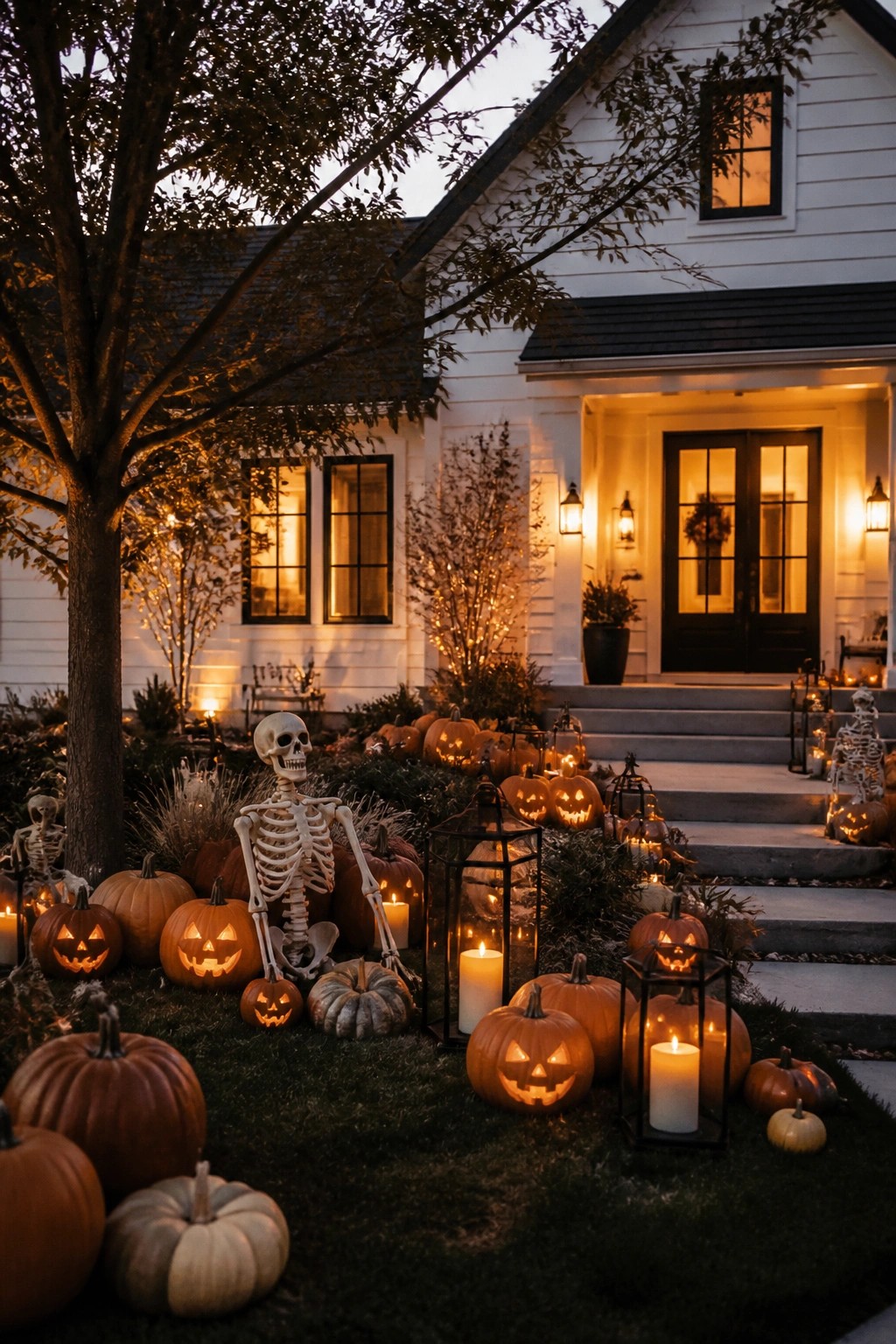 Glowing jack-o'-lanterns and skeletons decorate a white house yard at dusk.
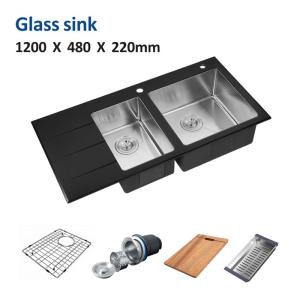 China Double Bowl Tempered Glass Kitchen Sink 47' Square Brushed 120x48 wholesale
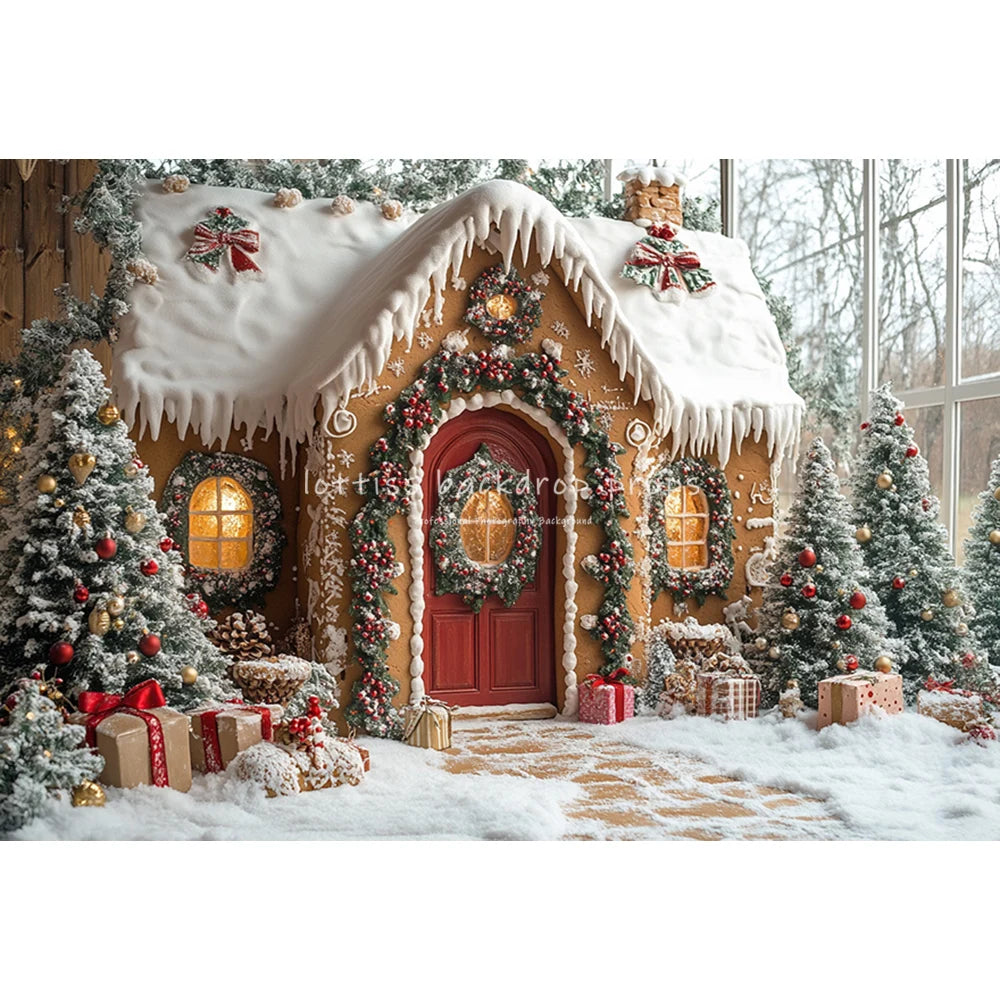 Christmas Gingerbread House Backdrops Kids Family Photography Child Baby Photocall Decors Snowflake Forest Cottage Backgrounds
○ ○ ○ ○ ○
Action item → From the first line to the last, reproduce the listing above exactly, leaving the pictures out.

Reply →
 Glowing jack-o'-lanterns and skeletons decorate a white house yard at dusk.
 China Double Bowl Tempered Glass Kitchen Sink 47' Square Brushed 120x48 wholesale
 Christmas Gingerbread House Backdrops Kids Family Photography Child Baby Photocall Decors Snowflake Forest Cottage Backgrounds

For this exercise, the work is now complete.